Captioned web images
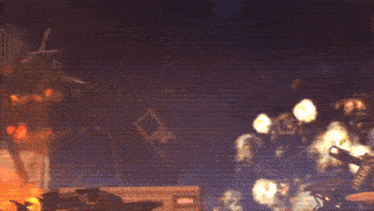 a computer generated image of a person holding a key in front of a fireball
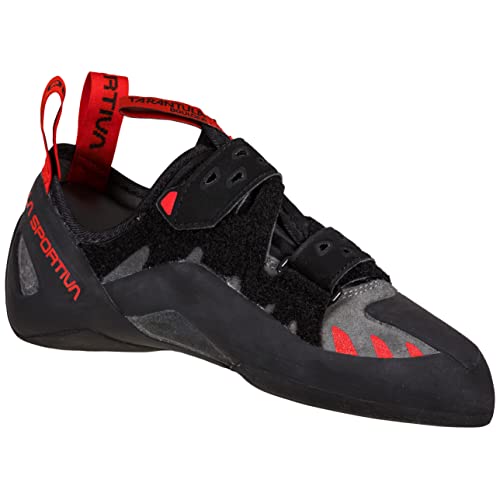 La Sportiva Tênis masculino de escalada Tarantula Boulder o dia todo, Metal/pôr do sol, 42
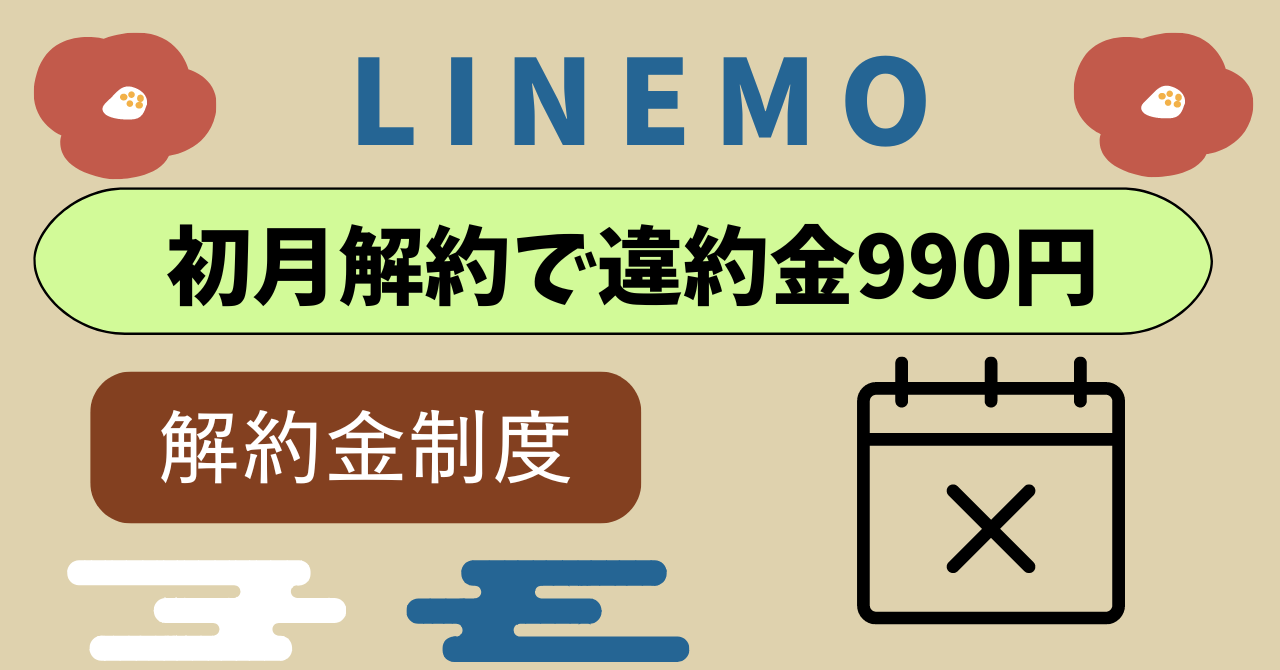 LINEMO　違約金990円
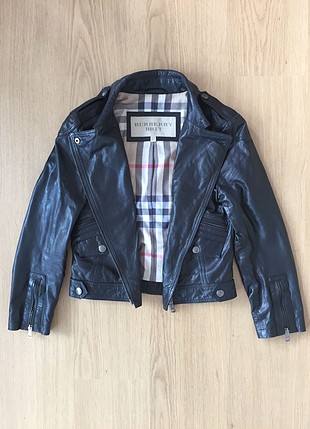 Burberry Siyah Deri Ceket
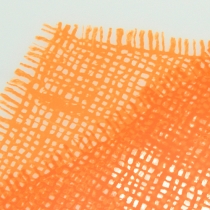 položky Květinová taška jutový vzor oranžová D40cm Š12-30 50 ks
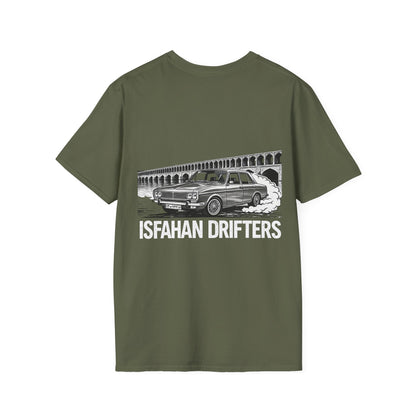 Military Green – Isfahan Drifters BW Tee – back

◆ WORK TO COMPLETE ◆
Give back exactly the lines from the one containing "LINEMO　違約金990円" to the final line of the entries, both included, and no picture.

◆ RESULT BELOW ◆
 LINEMO　違約金990円
 Burberry Siyah Deri Ceket
 položky Květinová taška jutový vzor oranžová D40cm Š12-30 50 ks
 Military Green – Isfahan Drifters BW Tee – back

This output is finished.